The upper internals assembly includes an upper core barrel arranged in tandem with the lower core barrel of the reactor. The ceiling of the upper core barrel is formed from an upper support plate. The peripheral edge of this support plate is seated around the upper edge of the upper core barrel. Both the support plate and the upper core plate which underlies it include a plurality of apertures for both conducting the stream of hot, pressurized water exiting the fuel rod assemblies to the heat exchangers, as well as for conducting a control rod assembly either into or out of each of the fuel rod assemblies. Separate guide tubes are provided between apertures in both the support and core barrel plates which are aligned with each other and with one of the fuel assemblies in the lower core barrel. The purpose of these guide tubes is to align and guide the relatively long and flexible rodlets of the control rod assemblies into a particular fuel assembly. Additionally, separate support columns are connected between the upper support plate and the underlying upper core plate in order to suspend and support the upper core plate over the fuel rod assemblies contained within the lower core barrel.
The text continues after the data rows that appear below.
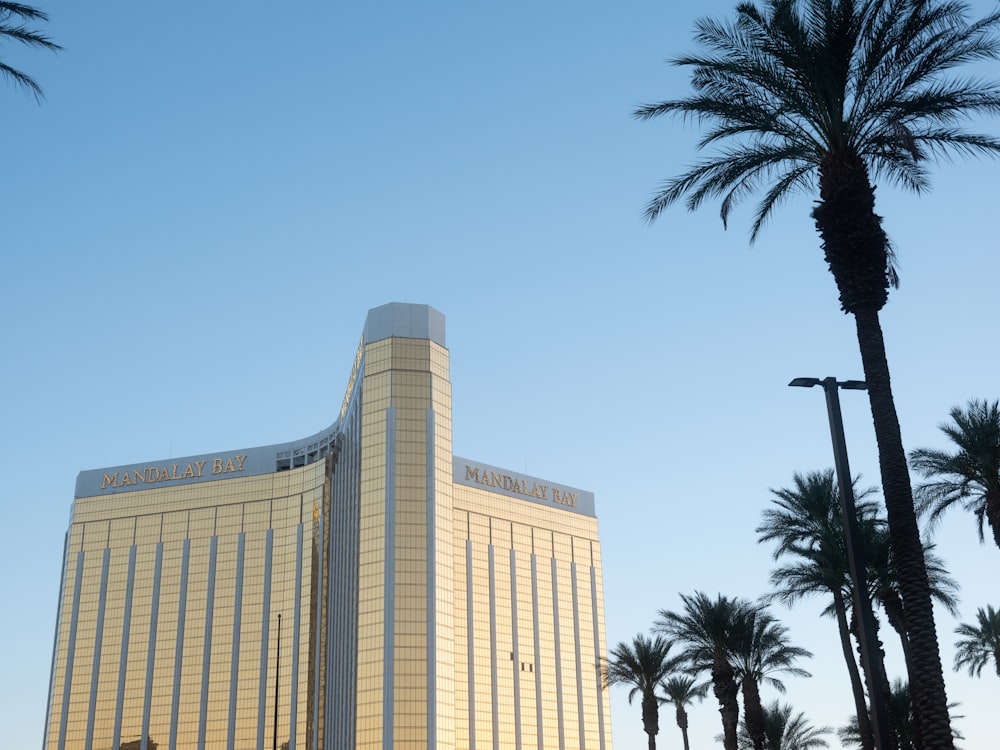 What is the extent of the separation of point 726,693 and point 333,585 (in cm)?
7389

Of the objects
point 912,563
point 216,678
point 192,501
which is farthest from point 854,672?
point 192,501

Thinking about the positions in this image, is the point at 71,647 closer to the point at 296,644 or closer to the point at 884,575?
the point at 296,644

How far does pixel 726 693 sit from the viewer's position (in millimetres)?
55500

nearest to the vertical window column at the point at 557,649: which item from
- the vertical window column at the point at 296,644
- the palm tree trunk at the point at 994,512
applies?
the vertical window column at the point at 296,644

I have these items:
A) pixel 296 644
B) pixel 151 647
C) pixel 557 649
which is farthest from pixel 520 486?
pixel 151 647

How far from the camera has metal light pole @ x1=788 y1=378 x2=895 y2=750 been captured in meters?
17.3

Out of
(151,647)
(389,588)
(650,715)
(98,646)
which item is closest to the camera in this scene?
(650,715)

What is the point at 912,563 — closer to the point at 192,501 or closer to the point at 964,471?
the point at 964,471

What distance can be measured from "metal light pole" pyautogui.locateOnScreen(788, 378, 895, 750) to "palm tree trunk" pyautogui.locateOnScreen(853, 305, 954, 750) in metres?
3.59

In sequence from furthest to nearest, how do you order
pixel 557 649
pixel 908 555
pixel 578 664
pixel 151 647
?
pixel 578 664, pixel 557 649, pixel 151 647, pixel 908 555

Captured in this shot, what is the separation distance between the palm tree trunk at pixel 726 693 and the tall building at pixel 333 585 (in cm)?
4767

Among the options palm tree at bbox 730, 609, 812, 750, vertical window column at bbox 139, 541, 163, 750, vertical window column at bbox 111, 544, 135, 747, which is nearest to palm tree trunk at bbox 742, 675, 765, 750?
palm tree at bbox 730, 609, 812, 750

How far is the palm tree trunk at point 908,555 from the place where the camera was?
22625 millimetres

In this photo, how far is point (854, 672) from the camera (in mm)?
44594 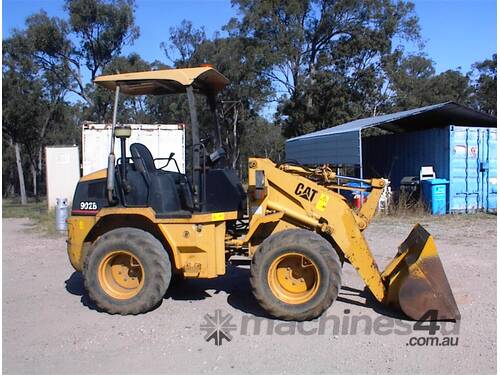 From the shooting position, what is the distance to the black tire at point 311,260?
18.2 ft

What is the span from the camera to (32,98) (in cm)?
3044

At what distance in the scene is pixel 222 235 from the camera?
241 inches

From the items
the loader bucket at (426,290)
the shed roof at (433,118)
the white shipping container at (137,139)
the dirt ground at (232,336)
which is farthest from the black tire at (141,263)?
the shed roof at (433,118)

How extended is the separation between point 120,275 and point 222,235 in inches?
51.3

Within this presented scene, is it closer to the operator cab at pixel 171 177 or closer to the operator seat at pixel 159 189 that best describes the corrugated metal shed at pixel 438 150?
the operator cab at pixel 171 177

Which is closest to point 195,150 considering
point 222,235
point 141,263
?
point 222,235

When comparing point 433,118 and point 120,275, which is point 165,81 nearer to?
point 120,275

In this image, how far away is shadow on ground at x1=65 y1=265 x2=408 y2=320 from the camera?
20.2 ft

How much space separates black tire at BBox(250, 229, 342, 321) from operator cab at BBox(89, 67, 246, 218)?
2.93 ft

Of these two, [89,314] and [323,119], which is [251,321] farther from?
[323,119]

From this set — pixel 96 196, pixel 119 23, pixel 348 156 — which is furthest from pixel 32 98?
pixel 96 196

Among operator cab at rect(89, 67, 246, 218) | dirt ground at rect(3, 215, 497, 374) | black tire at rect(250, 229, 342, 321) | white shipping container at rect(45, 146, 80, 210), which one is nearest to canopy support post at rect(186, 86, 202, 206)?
operator cab at rect(89, 67, 246, 218)

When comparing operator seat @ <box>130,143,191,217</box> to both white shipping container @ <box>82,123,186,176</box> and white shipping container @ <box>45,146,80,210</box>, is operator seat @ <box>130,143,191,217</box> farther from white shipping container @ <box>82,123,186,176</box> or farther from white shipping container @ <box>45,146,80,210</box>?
white shipping container @ <box>45,146,80,210</box>

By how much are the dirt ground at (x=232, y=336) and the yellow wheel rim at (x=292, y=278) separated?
319 millimetres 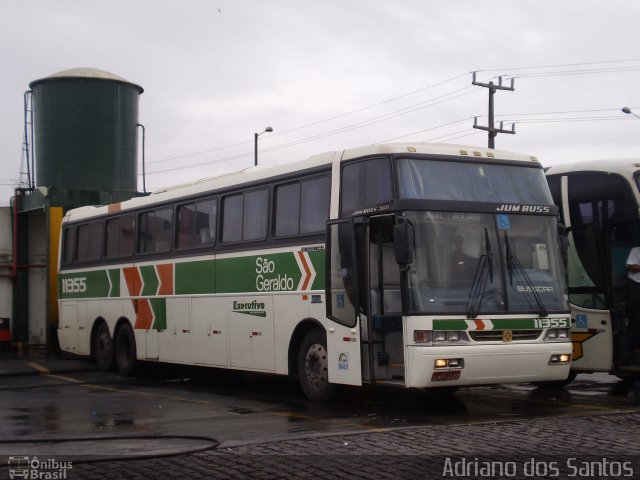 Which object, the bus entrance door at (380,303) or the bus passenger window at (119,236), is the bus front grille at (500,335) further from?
the bus passenger window at (119,236)

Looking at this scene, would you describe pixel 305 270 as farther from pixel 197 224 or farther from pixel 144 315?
pixel 144 315

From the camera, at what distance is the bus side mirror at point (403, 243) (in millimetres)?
11516

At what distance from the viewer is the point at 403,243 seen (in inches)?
453

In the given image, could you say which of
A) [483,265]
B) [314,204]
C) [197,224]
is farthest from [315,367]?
[197,224]

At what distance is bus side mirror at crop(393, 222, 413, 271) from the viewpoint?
37.8 ft

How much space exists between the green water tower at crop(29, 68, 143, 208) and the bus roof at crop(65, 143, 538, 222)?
7.25 metres

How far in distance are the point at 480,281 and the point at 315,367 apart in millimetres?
2928

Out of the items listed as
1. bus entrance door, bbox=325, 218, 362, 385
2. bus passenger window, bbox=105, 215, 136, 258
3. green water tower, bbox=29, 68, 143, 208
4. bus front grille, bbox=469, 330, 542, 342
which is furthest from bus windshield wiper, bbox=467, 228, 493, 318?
green water tower, bbox=29, 68, 143, 208

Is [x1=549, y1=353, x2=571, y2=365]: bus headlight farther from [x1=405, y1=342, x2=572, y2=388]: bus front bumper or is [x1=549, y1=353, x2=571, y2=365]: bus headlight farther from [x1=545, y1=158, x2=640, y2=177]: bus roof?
[x1=545, y1=158, x2=640, y2=177]: bus roof

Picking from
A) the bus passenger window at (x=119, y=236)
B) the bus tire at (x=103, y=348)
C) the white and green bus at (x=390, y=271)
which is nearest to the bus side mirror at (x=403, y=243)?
the white and green bus at (x=390, y=271)

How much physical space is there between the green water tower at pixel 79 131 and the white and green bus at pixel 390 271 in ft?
35.7

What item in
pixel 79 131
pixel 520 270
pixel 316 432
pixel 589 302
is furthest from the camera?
pixel 79 131

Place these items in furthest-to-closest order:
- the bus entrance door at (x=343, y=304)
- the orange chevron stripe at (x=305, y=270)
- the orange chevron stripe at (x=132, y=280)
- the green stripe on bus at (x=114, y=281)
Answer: the green stripe on bus at (x=114, y=281)
the orange chevron stripe at (x=132, y=280)
the orange chevron stripe at (x=305, y=270)
the bus entrance door at (x=343, y=304)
Applicants have observed that the control rods used in some nuclear reactors are manifesting noticeable mechanical degradation in the form of wear, which in some cases occurs after only a few fuel cycles. The applicants have further observed that this degradation is caused by stepping and fretting wear between the control rods and the guide plates which guide the individual control rods into the reactor core.
Each guide tube encloses a number of guide plates which are perpendicularly positioned with respect to the longitudinal axis of the guide tube. Each of the guide plates have an array of through holes approximately 0.42" (1.07 cm) in diameter formed therein which receive the reciprocably movable control rods to guide them into and out of the reactor core. These guide plates are uniformly spaced along the axis of the guide tube and are 10.57 inches (26.85 cm) apart in the upper portion of the guide tube and 11.57 inches (29.39 cm) apart in the lower portion thereof. Further, each guide plate include a central bore 2.3 inches (5.84 cm) in diameter which presents the only access to the individual guide plates. There can be up to twelve guide plates in a given guide tube, with each guide plate containing up to twenty-four holes.
Because of the premature wearing of the control rods in some instances, it has become desirable to obtain wear characteristics of the holes of each individual guide plate so that this data may be correlated with the control rod wear scars. This would enable a model of the wear mechanism to be developed by maintenance technicians in order to solve the wear problem associated with the control rods and guide plates. Consequently, there is a pressing need for an inspection system for inspecting each of the individual holes in the guide plates and transforming this data into a usable form.
Devices known at this time for inspecting the interior of various tubular members are directed toward inspecting the inner wall of such members and not the inspection of plates enclosed within such tubular members. Examples of such inspection assemblies are set forth in U.S. Pat. No. 4,255,762 to Takeyasu et al. and U.S. Pat. No. 4,424,531 to Elter et al. Each of these assemblies employs a camera for transmitting images of the wall of the inspected tube to an outside control center, and may include sensors for determining the relative positioning of the assembly within the tube. However, it is not possible for these assemblies to inspect holes in the surface of a diametrically positioned plate within tube.
Similarly, the remote inspection assembly disclosed in German Democratic Republic (East German) Patent No. 208,884 is capable of inspecting the interior of nuclear reactor pressure vessels. While this assembly includes a monitor and TV camera for recording images, it is not capable of inspecting holes in the surface of transversely positioned plates within an elongated tube.